Continúa San Lorenzo: “Ella no se dejaba llevar por su
propio instinto o juicio, sino que su actuación exterior correspondía siempre a
las insinuaciones internas de la sabiduría que nace de la fe. Convenía, en
efecto, que la sabiduría divina, que se iba edificando la casa de la Iglesia
para habitar en ella, se valiera de María santísima para lograr la observancia
de la ley, la purificación de la mente, la justa medida de la humildad y el
sacrificio espiritual”. Con estas palabras nos quiere significar el santo que
la Virgen no tenía ni la más ínfima sombra de juicio propio sino que, llevada
por el esplendor de la Sabiduría y por el Fuego del Divino Amor, aumentaba en
Ella cada vez más aquella virtud que Nuestro Señor Jesucristo nos pide explícitamente
en el Evangelio que la practiquemos, imitándolo a Él y es la humildad: “Aprended
de Mí, que soy manso y humilde de corazón”. La Virgen poseía en tal grado y
perfección esta virtud de la humildad, que sólo era superada por su Hijo
Jesucristo, que es en Sí mismo la Humildad Increada y por esto era la Virgen
más agradable a la Trinidad que todos los ángeles y santos del Cielo.
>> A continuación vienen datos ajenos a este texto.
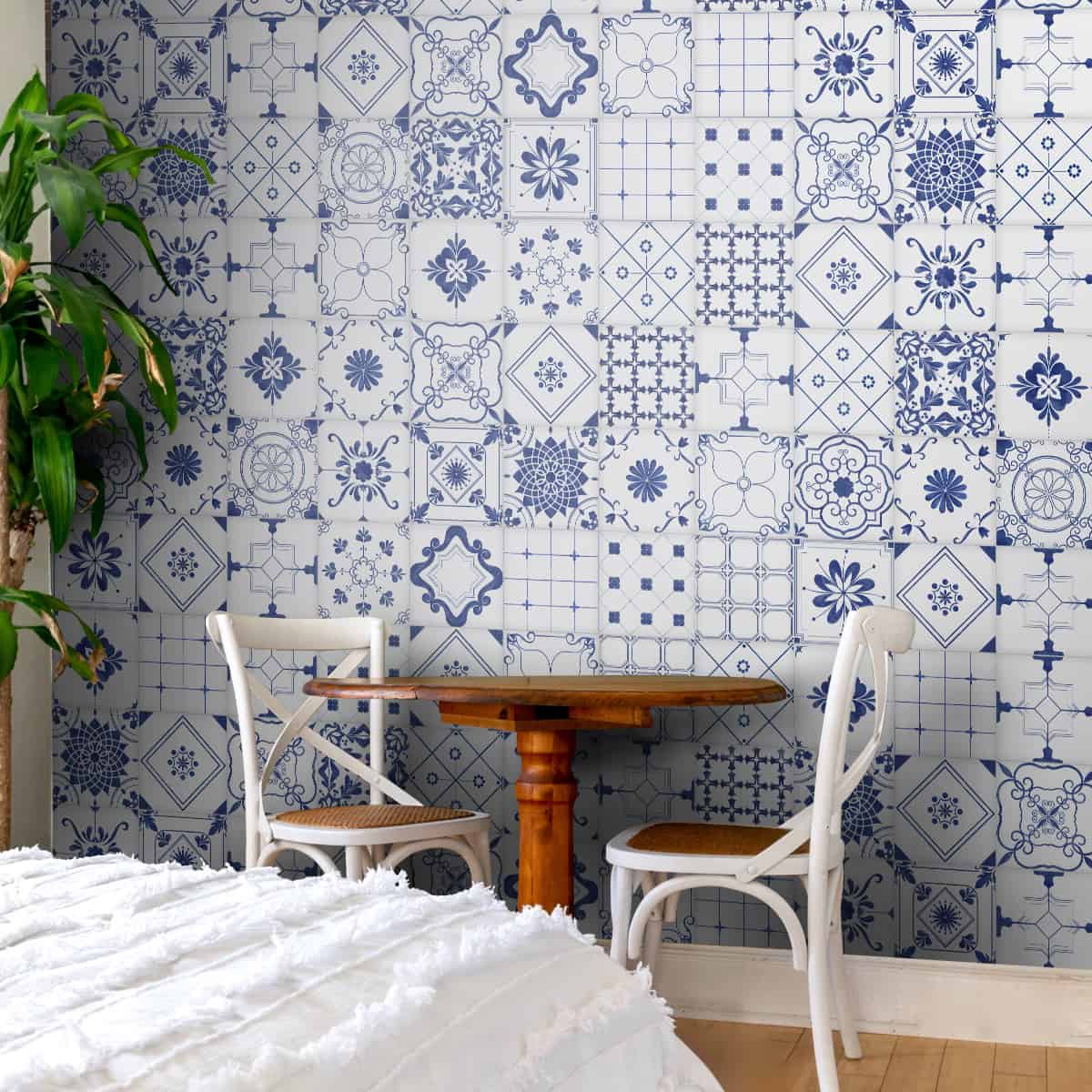 Moroccan Beauty, Blue & White Tiles Wallpaper | lifencolors – Life n Colors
Por último, San Lorenzo Justiniano nos invita a imitar a la
Virgen si es que de veras deseamos alcanzar y vivir en la perfección
espiritual: “Imítala tú, alma fiel. Entra en el templo de tu corazón, si
quieres alcanzar la purificación espiritual y la limpieza de todo contagio de
pecado. Allí Dios atiende más a la intención que a la exterioridad de nuestras
obras. Por esto, ya sea que por la contemplación salgamos de nosotros mismos
para reposar en Dios, ya sea que nos ejercitemos en la práctica de las virtudes
o que nos esforcemos en ser útiles a nuestro prójimo con nuestras buenas obras,
hagámoslo de manera que la caridad de Cristo sea lo único que nos apremie. Éste
es el sacrificio de la purificación espiritual, agradable a Dios, que se ofrece
no en un templo hecho por mano de hombres, sino en el templo del corazón, en el
que Cristo el Señor entra de buen grado”. Es decir, así como Cristo entró en
ese templo sacratísimo que es el Inmaculado Corazón de María, desde el primer
instante de su Concepción, por estar este Corazón de María colmado de gracia,
así Cristo ingresa en todo corazón que, a imitación de María Santísima, posea
en él la gracia santificante. Si esto hacemos, es decir, si nuestro corazón
está en gracia, a imitación de María Santísima, nuestro corazón se convertirá
en templo en el que ingresará el Cordero de Dios, Jesús Eucaristía, para ser
adorado en el altar de nuestra alma, el corazón, por el tiempo que nos queda de
vida terrena y luego en el Cielo, por toda la eternidad.
[1] Cfr. Sermón 8, En la fiesta de
la Purificación de la Santísima Virgen María: Opera 2, Venecia 1751, 38-39.